They don't "have to be" taught. They can be taught. This is the critical difference. Regardless of what you define as the slate (whether it's just the higher brain functions or the brain entirely) it's not the case that a baby is clueless about this crying thing until it is taught.

"Knowledge" consists exclusively of abstractions.  Perception etc. is properly termed awareness. "Cognition" does not descry knowledge, it is awareness

E.g. I am aware of a sensation of pain; I know that the specific type of pain I'm experiencing means that I've accidently put my foot to sleep by cutting off the blood supply.  Babies can experience pain; they have no knowledge of what is causing the pain or how to fix it.

This definition of "I" is what I'm beginning to suspect.

It may be that you've so narrowly defined "I" that you've externalized all lower cognitive functions, the parts of the slate that are not blank. This is fallax tabula rasa. (As Dennet says, "if you make yourself small enough, everything is external".)

In particular, your definition of "senses" is so expansive that you have no basis for criticizing Kant's observation that, being informed through unique senses we each have a unique view of the world.

Link to comment
Share on other sites

[...] Locke was truly on the extreme nurture side of the nature-nurture debate, and took the position that the mind completely programs itself.

Does that mean that man has the hardware (the brain) but not the software (mind, i.e., ideas) before birth? If so, that is exactly what tabula rasa means. The nature of the brain and the rest of the nervous system make consciousness possible via the senses, but all of the content of consciousness is acquired after birth, and that happens volitionally, i.e. the mind _does_ completely program itself.

The nature of the brain is such that it supports certain operations (integration and differentiation are the fundamentals), but those operations are neither automatic nor automatically correct.

[...] However, given Rand’s lack of specificity on the meaning of “tabula rasa” and Nathaniel Branden’s essay in The Objectivist Newsletter (Oct., 1962) ruling out the possibility of any instinctual behavior -- in animals or humans -- I am not convinced that Rand’s position was dissimilar to Locke’s.

So what is unspecific about "Tabula rasa means no innate ideas"? I can't imagine, even in theory, how that could be made more specific without leaving philosophy and going into the biological workings of the brain.

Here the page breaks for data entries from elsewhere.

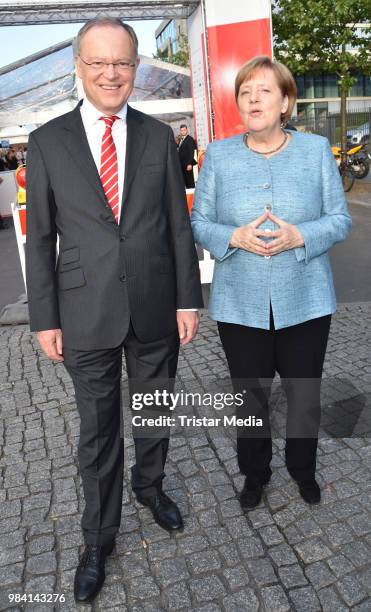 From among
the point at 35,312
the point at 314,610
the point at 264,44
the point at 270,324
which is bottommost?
the point at 314,610

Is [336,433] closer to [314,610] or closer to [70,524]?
[314,610]

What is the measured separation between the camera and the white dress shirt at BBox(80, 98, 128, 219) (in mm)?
2156

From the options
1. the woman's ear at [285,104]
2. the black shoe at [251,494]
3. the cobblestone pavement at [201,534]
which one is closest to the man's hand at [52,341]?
the cobblestone pavement at [201,534]

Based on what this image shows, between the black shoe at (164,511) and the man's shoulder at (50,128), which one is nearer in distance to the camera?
the man's shoulder at (50,128)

An instinct is an inborn, automatically performed pattern of behavior, such as ducks flying south for the winter, or bears hibernating. Man demonstrably has no such behaviors. I don't have Branden's article with me, but I would be amazed if he claimed that not even animals have instincts, since it is quite obvious that they do.

The bottom line is that Rand was very specific and clear about the meaning of tabula rasa, and the (correct) claim that man has no instincts in no way conflicts with the concept of tabula rasa.

Mark Peters

Link to comment
Share on other sites

Does that mean that man has the hardware (the brain) but not the software (mind, i.e., ideas) before birth? If so, that is exactly what tabula rasa means. The nature of the brain and the rest of the nervous system make consciousness possible via the senses, but all of the content of consciousness is acquired after birth, and that happens volitionally, i.e. the mind _does_ completely program itself.

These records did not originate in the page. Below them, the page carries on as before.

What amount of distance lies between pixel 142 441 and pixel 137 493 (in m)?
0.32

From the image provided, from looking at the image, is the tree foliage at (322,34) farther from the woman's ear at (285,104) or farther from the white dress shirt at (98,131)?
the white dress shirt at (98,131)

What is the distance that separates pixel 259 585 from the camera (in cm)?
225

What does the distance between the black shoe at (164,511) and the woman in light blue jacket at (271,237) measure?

If the mind completely programs itself, then humans have the ability to program themselves not to need sleep. Try it sometime.

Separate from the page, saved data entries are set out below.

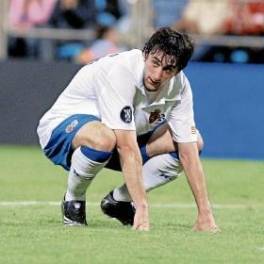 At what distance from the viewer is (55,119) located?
28.0ft

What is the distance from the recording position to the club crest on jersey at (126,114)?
7.90 meters

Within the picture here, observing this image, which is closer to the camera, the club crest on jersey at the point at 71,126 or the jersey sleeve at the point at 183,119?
the club crest on jersey at the point at 71,126

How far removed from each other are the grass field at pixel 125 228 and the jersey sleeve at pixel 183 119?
2.10 feet

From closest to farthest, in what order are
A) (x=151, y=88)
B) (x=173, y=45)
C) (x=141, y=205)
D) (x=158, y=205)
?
(x=141, y=205) < (x=173, y=45) < (x=151, y=88) < (x=158, y=205)

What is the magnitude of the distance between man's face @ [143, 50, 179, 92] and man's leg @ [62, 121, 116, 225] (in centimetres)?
44

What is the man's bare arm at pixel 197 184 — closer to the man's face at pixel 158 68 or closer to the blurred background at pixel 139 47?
the man's face at pixel 158 68

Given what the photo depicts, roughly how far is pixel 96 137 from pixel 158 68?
60 centimetres

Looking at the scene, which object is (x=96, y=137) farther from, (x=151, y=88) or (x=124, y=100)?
(x=151, y=88)

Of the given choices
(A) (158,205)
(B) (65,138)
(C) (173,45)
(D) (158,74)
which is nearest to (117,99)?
(D) (158,74)

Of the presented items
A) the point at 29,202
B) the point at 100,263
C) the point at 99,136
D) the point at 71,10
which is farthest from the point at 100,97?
the point at 71,10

No one is arguing that ideas exist in the human mind before birth. If you wish to define “content” as nothing more or less than concepts, then, sure, man’s brain is tabula rasa. However, there is ample evidence that the mind is pre-programmed to perform certain behaviors, ranging from language formation, to sexual reactions, to expressive acts, to protective responses. Babies, for example, are invariably frightened by and react to sudden loud noises. In this sense the slate is not truly blank, anymore than a hard drive pre-loaded with a word processing program is blank.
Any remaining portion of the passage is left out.